AWS Glue is a fully managed data ingestion and transformation service. You can build simple and cost-effective solutions to clean and process the data flowing through your various systems using AWS Glue. You can think of AWS Glue as a modern ETL alternative.

Explain why and when you would use AWS Glue compared to other options to set up data pipelines

AWS Glue makes it easy to move data between data stores and as such, can be used in a variety of data integration scenarios, including:

  1. Data lake build & consolidation: Glue can extract data from multiple sources and load the data into a central data lake powered by something like Amazon S3.
  2. Data migration: For large migration and modernization initiatives, Glue can help move data from a legacy data store to a modern data lake or data warehouse.
  3. Data transformation: Glue provides a visual workflow to transform data using a comprehensive built-in transformation library or custom transformation using PySpark
  4. Data cataloging: Glue can assist data governance initiatives since it supports automatic metadata cataloging across your data sources and targets, making it easy to discover and understand data relationships.

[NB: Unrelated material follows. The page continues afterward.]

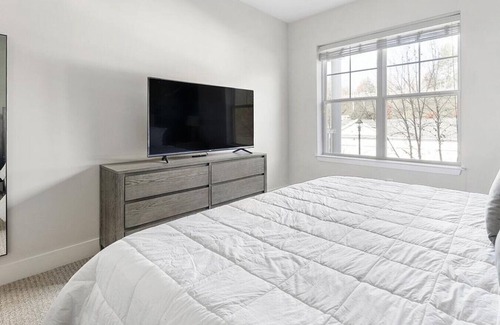 Simsbury Apartment | Landing at The Pointe at Dorset Crossing - 1 Bedroom in Downtown Simsbury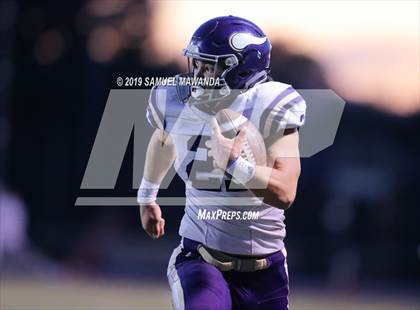 Thumbnail 3 in Sierra Canyon vs Valencia photogallery.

When compared to other options for setting up data pipelines, such as Apache NiFi or Apache Airflow, AWS Glue is typically a good choice if:

  1. You want a fully managed solution: With Glue, you don’t have to worry about setting up, patching, or maintaining any infrastructure.
  2. Your data sources are primarily in AWS: Glue integrates natively with many AWS services, such as S3, Redshift, and RDS.
  3. You are constrained by programming skills availability: Glue’s visual workflow makes it easy to create data pipelines in a no-code or low-code code way.
  4. You need flexibility and scalability: Glue can scale automatically to meet demand and can handle petabyte-scale data.

What is the AWS Glue Architecture?

The main components of AWS Glue architecture are

  • AWS Glue Catalog
  • Glue Crawlers, Classifiers, and Connections
  • Glue job

For an overview of each component, read this introduction to AWS Glue

What are the primary benefits of using AWS Data Brew?

AWS Data Brew is a visual data preparation service that simplifies the process of data cleansing & transformation. The primary benefits of using AWS Data Brew are:

  1. Visual interface: Data Brew provides an intuitive visual interface for configuring data preparation workflows, making it easy for users with limited technical skills to use the service.
  2. Automated data preparation: Data Brew can automatically detect patterns in your source data and suggest actions to cleanse it. This reduces the data preparation effort significantly.
  3. Increased efficiency: The visual interface, detection of patterns and cleansing actions together significantly reduce the time spent on data preparation, improving efficiency.
  4. Integration with other AWS services: Data Brew integrates natively with many other AWS services, including Amazon S3, RDS and Redshift, making it easy to source and prepare data from those data sources for analysis or use in other applications.
  5. Flexible, pay-per-use pricing model: Like with most AWS Services, with Data Brew, you only pay for what you use, making it a cost-effective solution for data preparation that can scale with your needs.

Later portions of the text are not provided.